Chapitre Neuf

RETOUR À LA VIE À DEUX

Maintenant, Jean et moi avons un peu plus de temps à nous accorder: nous organisons, pour notre 25e anniversaire de mariage, un beau voyage en Grèce. La vaste culture de Jean ajoute beaucoup d'attraits à sa compagnie. C'est même lui qui, à Delphes, explique à d'autres voyageurs la cérémonie des oracles! Il réussit aussi à déchiffrer le grec ancien sur certains écrits! Curieux de tout, il trouve des explications à presque tout, grâce à sa mémoire prodigieuse.

Comme nous avons moins d'obligations, nous mettons enfin sur papier les plans definitifs de la «vraie» maison de l'île Bizard. En quelques mois, en 1960, elle sera prête! Mes deux parents ne connaîtront malheureusement pas cette résidence secondaire: ils décèdent peu de temps après. Mes enfants non plus: ils sont tous partis! Quand ils reviendront à l'île, ce sera à titre d'invités et comme parents eux-mêmes.

Le musée des Beaux-Arts

À cette époque, plus précisement en 1964, le musée des Beaux-Arts met sur pied son service de guides bénévoles. Avec grand enthousiasme, je me joins à l'équipe. J'apprends l'histoire des oeuvres et des artistes et transmets ensuite ce passionnant savoir à des groupes d'élèves ou de personnes âgées. À raison de deux cours, c'est-à-dire quatre heures par semaine, je passe au musée quinze merveilleuses années.

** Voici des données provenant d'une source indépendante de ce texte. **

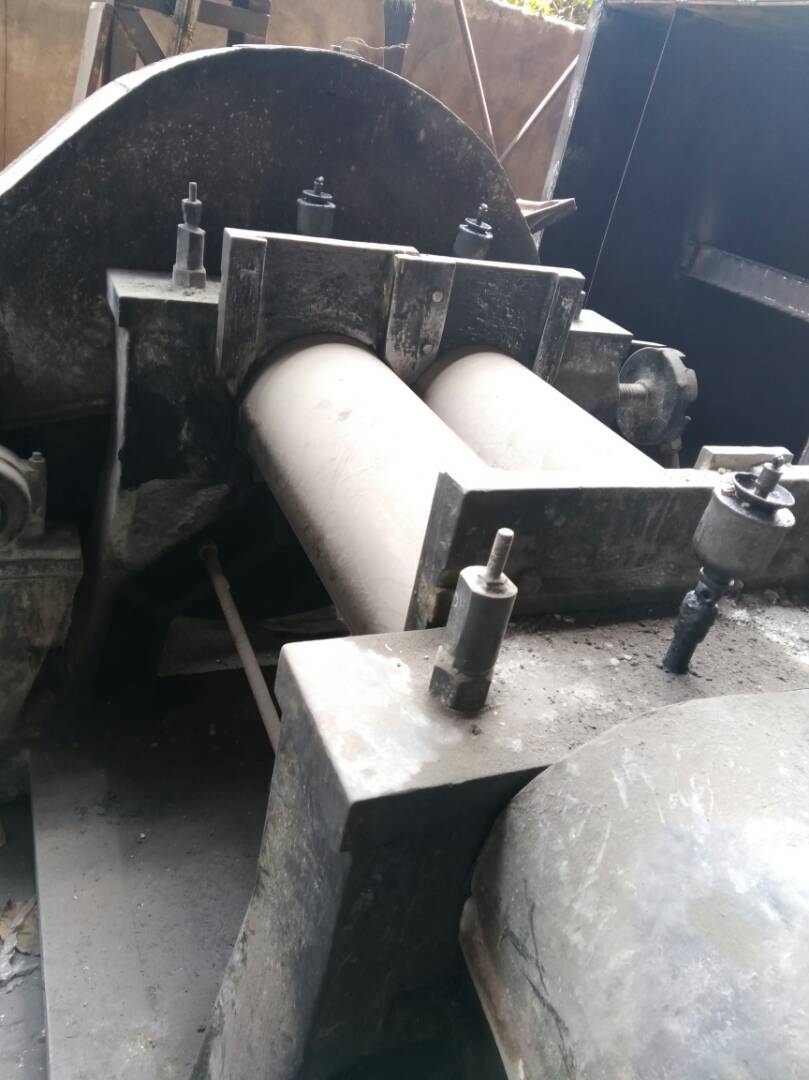 Rubber mixing mill 2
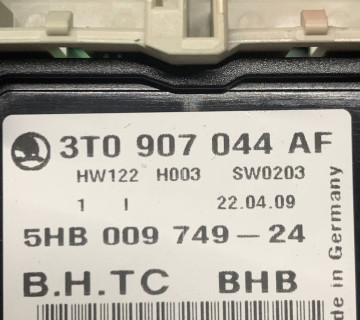 Панель кондиціонера skoda superb 2 3t0907044af
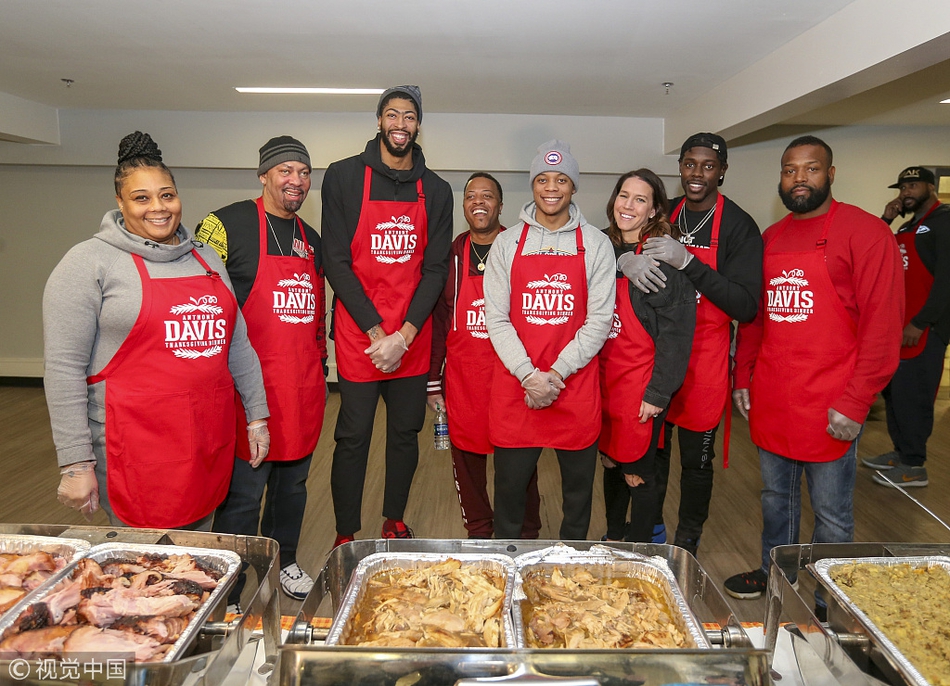 NBA各队办感恩节活动回馈球迷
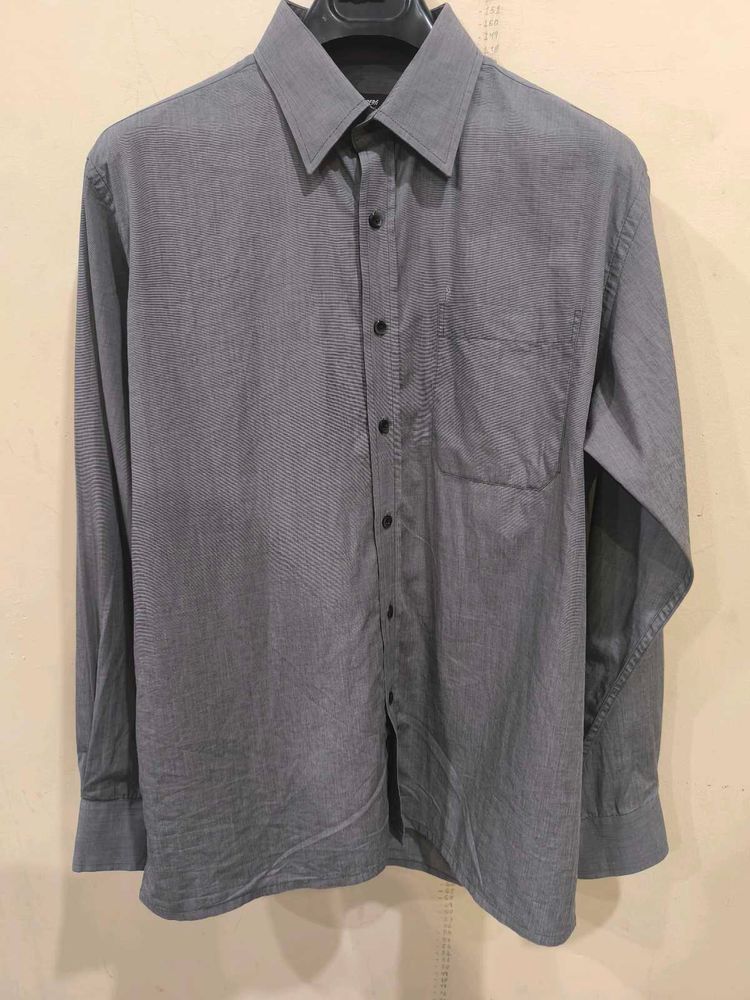 100% Cotton Grey Shirt Of Ozemberg Brand.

Là encore, mon franc-parler fait des siennes. Une des bénévoles porte des verres fumés lorsqu'elle accompagne ses groupes à travers le musée. Je trouve ce comportement bien étrange, voire irritant, à tel point qu'un jour je fais part de mes réserves à la responsable des guides.

«Franchement, lui dis-je, quand cette dame vient nous dire de regarder le bleu du ciel, de constater à quel point c'est une merveille, pensez-vous qu'elle le voit, ce bleu?» La dame à lunettes noires sera priée de bien vouloir les oublier chez elle dorénavant.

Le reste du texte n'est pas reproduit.